Today is inauguration day, and like many, my thoughts have turned to Louie Giglio. Giglio is the pastor of Passion City Church in Atlanta who was widely known for his leadership of the Passion conferences and work against sex trafficking before everyone became aware of him as the man who withdrew from offering the benediction at President Obama’s second inauguration.
Pulling out was not Giglio’s idea. His letter to the White House explained that he stepped down from the role at the urging of the Obama administration, following attacks by the left for a fifteen-year-old sermon where he applied biblical ethics to homosexual behavior. In wake of this, orthodox Christians must ask: Are we still welcome in the public square?
As many have pointed out, there is a modern-day McCarthyism taking hold in the United States, where instead of asking “Are you now or have you ever been a member of the Communist Party?” people are asked, “Do you now or have you ever believed that homosexual behavior is a sin?”
Under this standard, millions of Americans are left out in the cold as personae non gratae to this President’s administration until or unless they “repent” of this political misstep.
When Christians are silenced for merely sharing biblical truth, we ought to be more than worried.
The intolerance of the left towards Giglio’s deeply held religious beliefs (which frankly have little to do with the prayer he would have offered) should concern us and cause us to be vigilant to insure that our constitutional freedoms remain protected.
Our freedom of conscience, our right to believe according to our deepest convictions – as well as our right to utter them – is under attack.
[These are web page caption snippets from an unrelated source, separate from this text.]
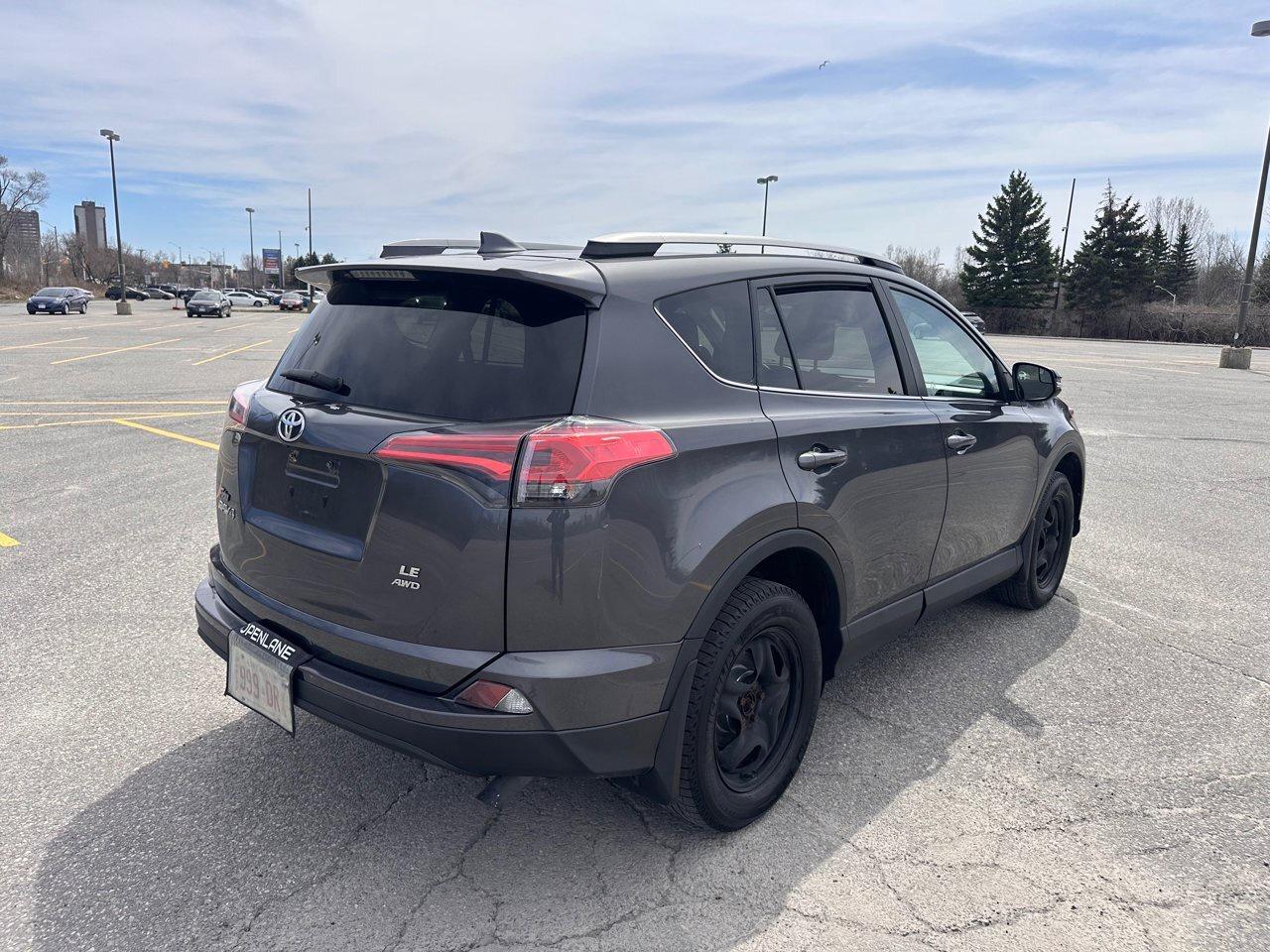 2018 Toyota RAV4 LE Photo
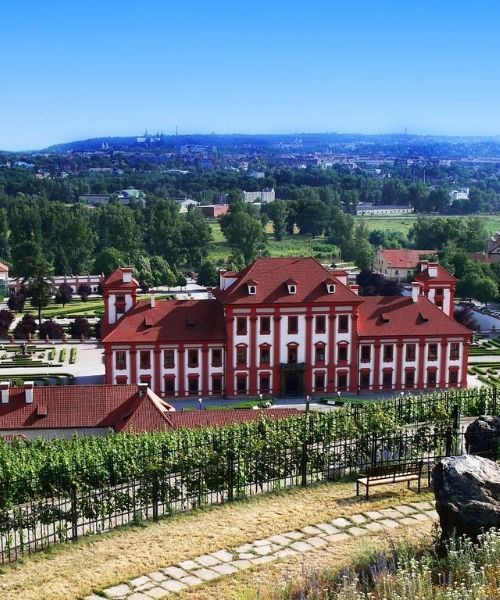 Le Chateau De Troja Jpg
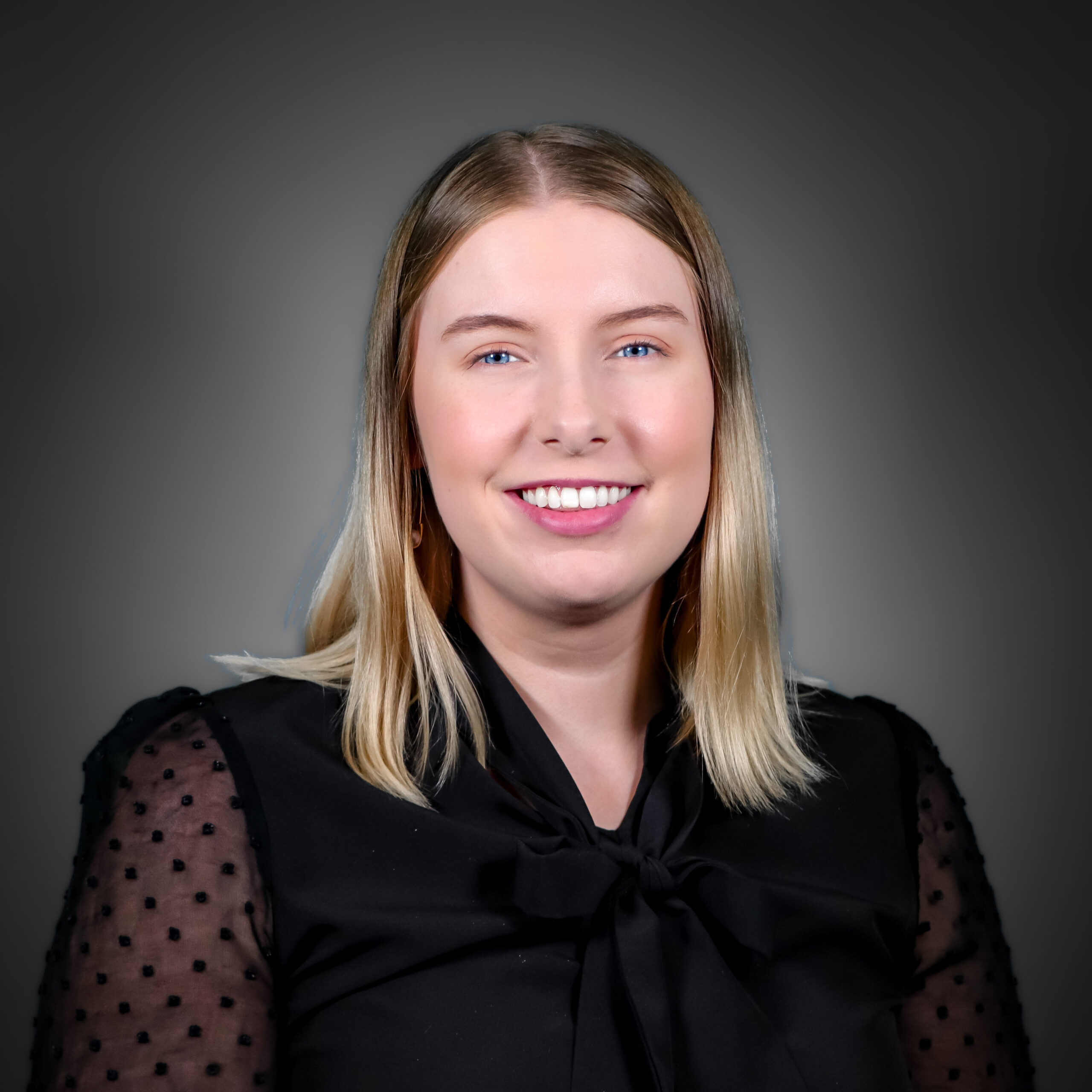 Lauren Arney headshot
We must not be bullied into denying the truth of Biblical Christianity just to participate in the civil discourse.
That’s why we at the Center for Religious Expression exist, to insure the liberty of Christians to freely express their faith in the public square.
As Benjamin Franklin aptly pointed out as a young man in 1722: “Without freedom of thought, there can be no such thing as wisdom; and no such thing as public liberty without freedom of speech…. Whoever would overthrow the liberty of a nation must begin by subduing the freedom of speech.”